▶ [Captioned web images]

----------

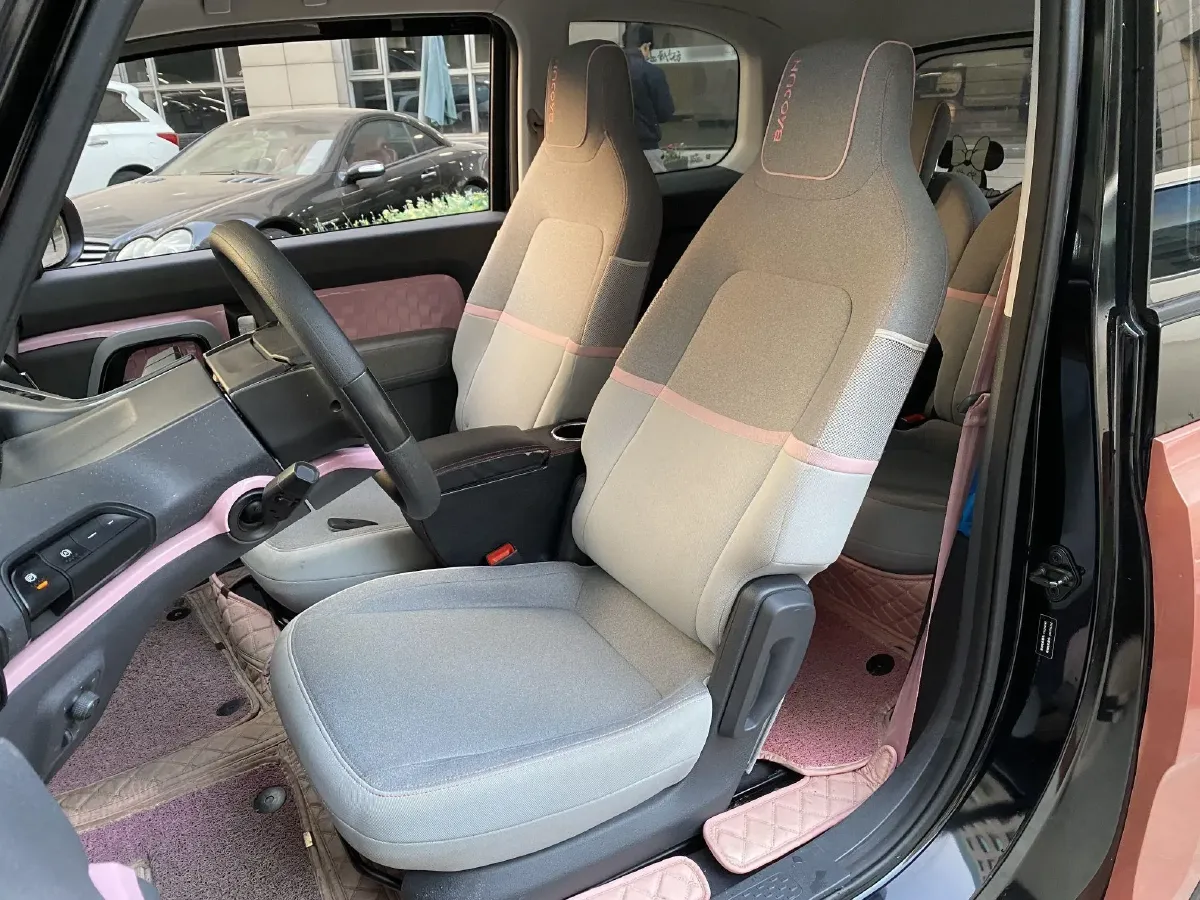 2020 BaoJun E300 BEV 31.9KWH,autocango,china used car exporter,china ev exporter,chinese used car exporter,chinese used ev exporter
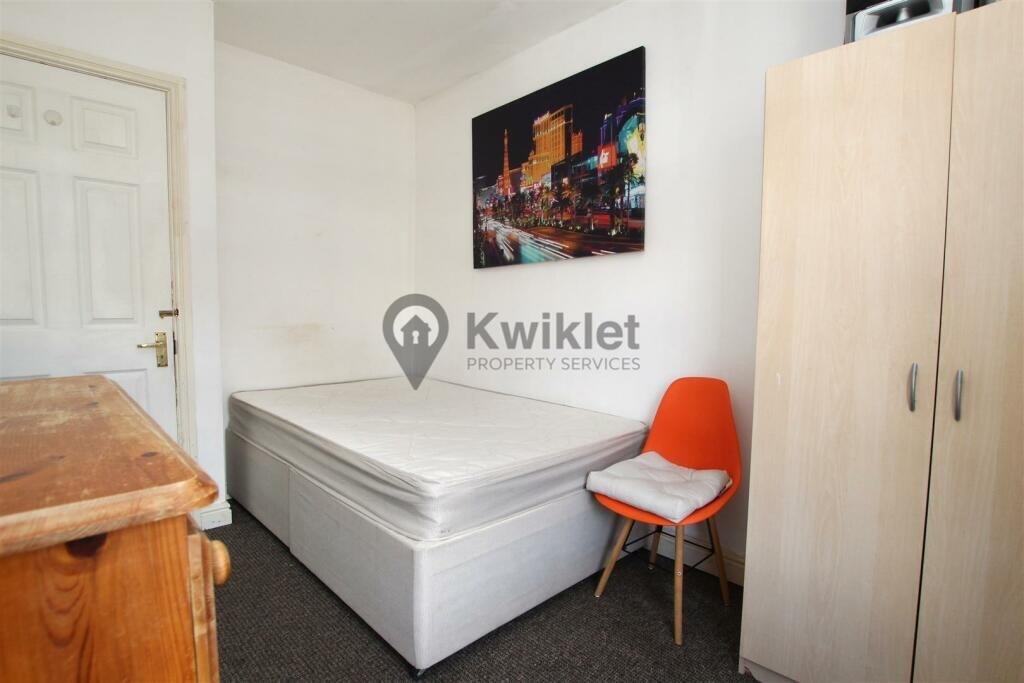 eZy Watermark_14-03-2025_11-30-34-4150am.JPEG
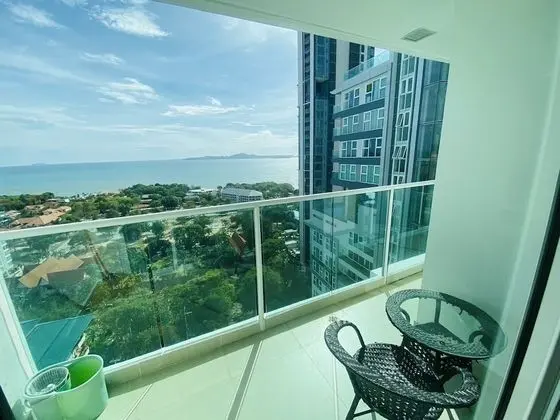 One Bedroom Apartment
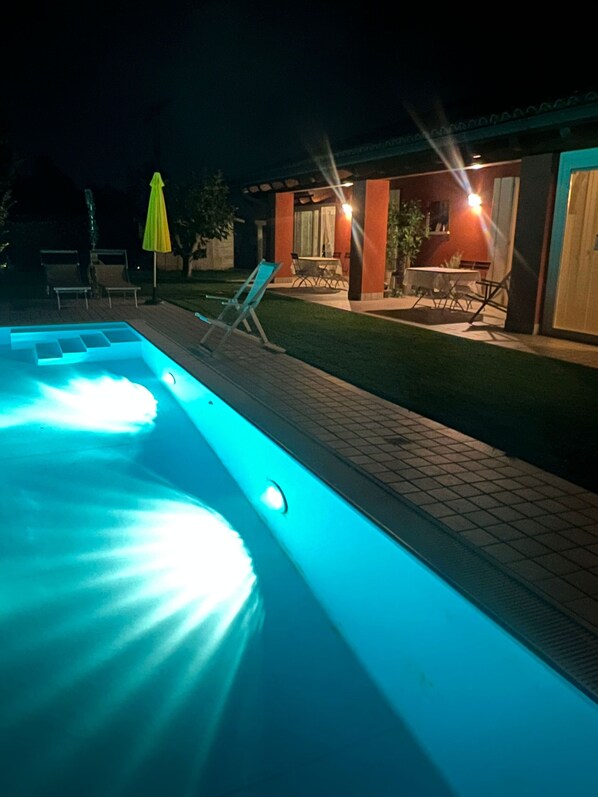 ルーム 1 ベッドルーム パティオ ガーデンビュー | プール | 屋外プール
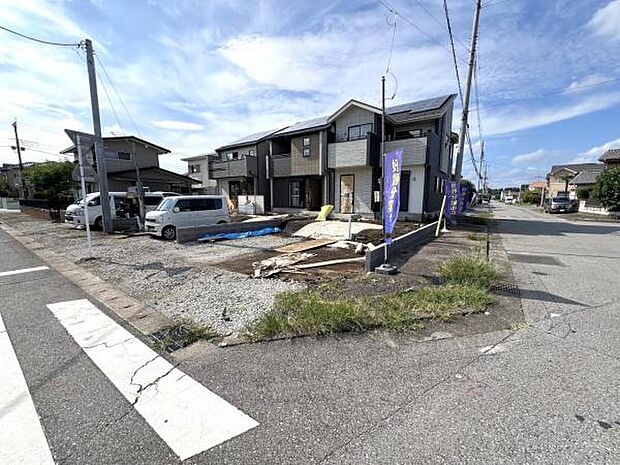 前面道路を含めた現地写真です。ぜひ周辺環境も併せてご覧ください。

----------

Exclude the pictures and transcribe all of the entries exactly.

▶ [RESPONSE]
 2020 BaoJun E300 BEV 31.9KWH,autocango,china used car exporter,china ev exporter,chinese used car exporter,chinese used ev exporter
 eZy Watermark_14-03-2025_11-30-34-4150am.JPEG
 One Bedroom Apartment
 ルーム 1 ベッドルーム パティオ ガーデンビュー | プール | 屋外プール
 前面道路を含めた現地写真です。ぜひ周辺環境も併せてご覧ください。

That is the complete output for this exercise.